There ya go I400 lovers,,This is why it will not pass.
The ole spike hunters just wont let her go.
I learned my lesson in a 1997 RAC meeting when I suggested eliminating spike only
hunting so more mature bull tags could be issued............

THEY ALL WANTED TOO SHOOT ME !!! :shock: :shock:


----------



## Dukes_Daddy (Nov 14, 2008)

Every year I chase spikes and about every 3-4 years I also draw a cow tag. I'm sitting on 9 points so someday soon I hope to chase bigger bulls. 

When I started hunting elk in the early 80's it sucked. A raghorn was a trophy and the herds were stagnant. Utah now is known as a example of how to do things right. Spike, Any Bull, and Cow opportunities give over the counter hunting opportunities. Draw units give hunters the opportunity to occassionally draw a tag for a excellent trophy.


----------



## ramrod (Apr 15, 2008)

Something needs to change. It took me 17 years to draw a limited entry elk tag , after a 5 year waiting period and by the time I put in again it could take 20 plus years to draw another tag . that’s way to long for a Utah resident to draw a limited entry elk tag. At my age I may never get the chance to hunt trophy bulls again.
I friend of mine drew a limited entry elk tag a few years back he said he wont even try to draw again because he feels it would just be a waste of money he doesn’t think he will ever draw again under are currant system.
I would like to see spike elk hunting ended and more limited entry opportunity available to Utah residence. I wouldn’t have a problem waiting a few years to hunt elk if I know it would be a great hunt with low hunting pressure and animals are not to spooked to hunt. It is nice to go hunting when you are seeing animals every day and you have the opportunity to pick the animal you want to harvest .
The key word to hunting in Utah is conservation. not trying to make everyone happy or trying to sell as many tags as possible for revenue purposes.


----------



## TAK (Sep 9, 2007)

goofy elk said:


> TAK said:
> 
> 
> > "We propose eliminating the issuing of spike tags on the following five units (a): North Cache, _*Wasatch*_, Nebo, Fish Lake, and La Sal.

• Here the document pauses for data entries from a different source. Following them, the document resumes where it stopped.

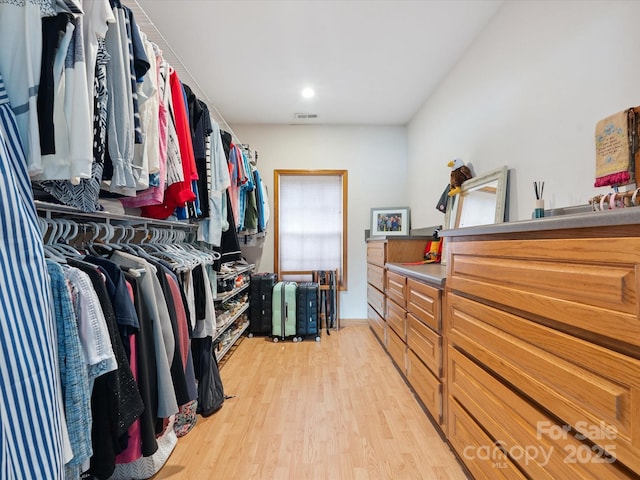 887 Living Waters Dr, Great Falls, SC 29055 - walk in closet featuring light wood-style flooring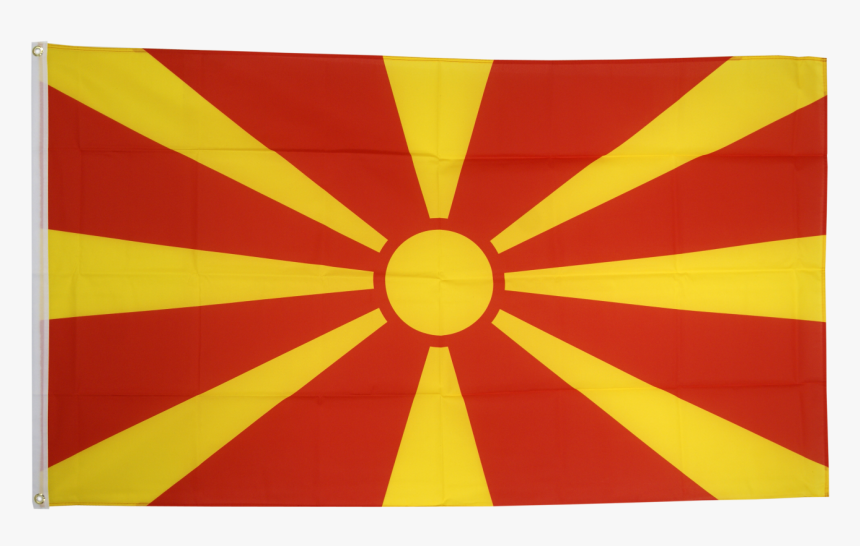 Bandiera Macedonia Del Nord - Macedonia Flag, HD Png Download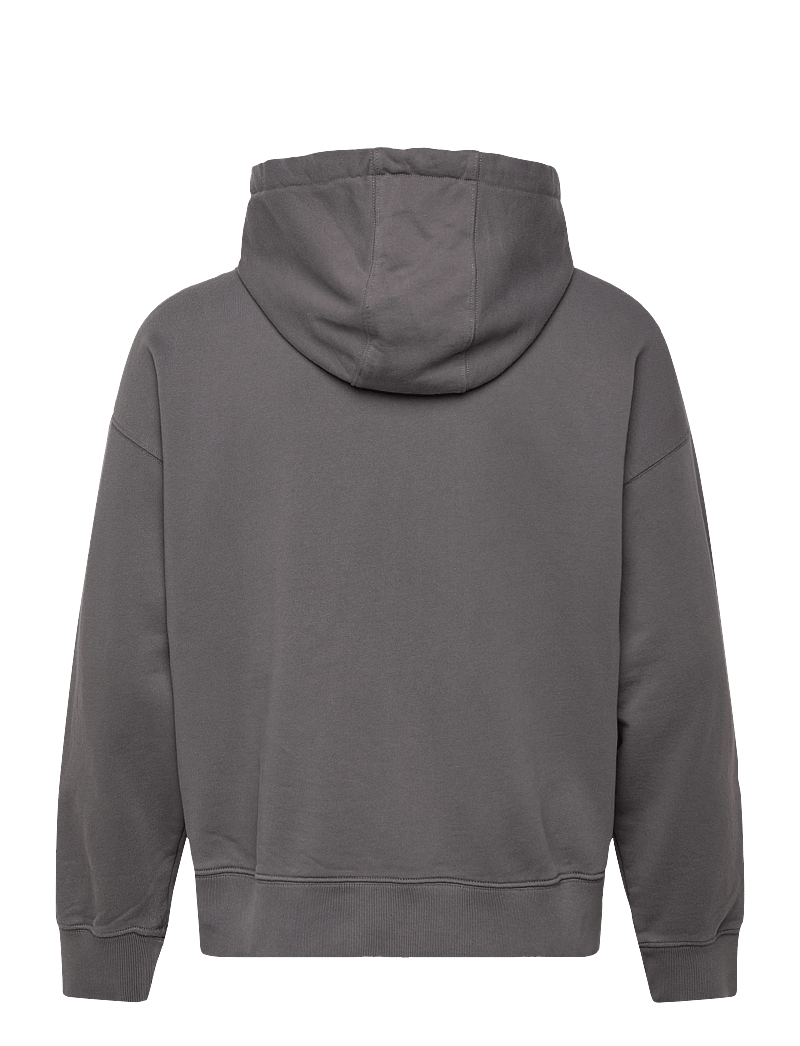 Maison Kitsune - FOX HEAD ZIPPED OVERSIZE HOODIE - kapuzenpullover - charcoal - 1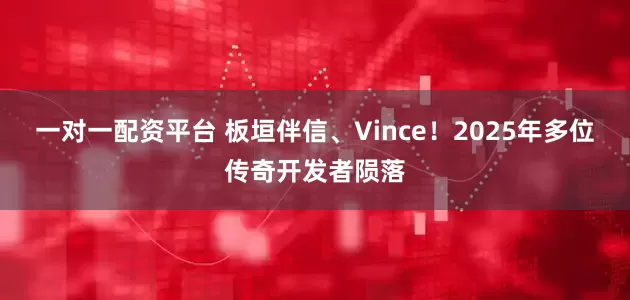 一对一配资平台 板垣伴信、Vince！2025年多位传奇开发者陨落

We also propose introducing spike-only hunting to the following five units (b): San Juan, Monroe, Pahvant, Paunsaugunt, and SW Desert."
> ...


I don't care if you take me spikeys away, just give me a tag every year! Now that is what I am talking about! To hell with Deer hunting, Elk hunting is the game I play!


----------



## coyoteslayer (Sep 10, 2007)

> I don't care if you take me spikeys away, just give me a tag every year! Now that is what I am talking about! To hell with Deer hunting, Elk hunting is the game I play!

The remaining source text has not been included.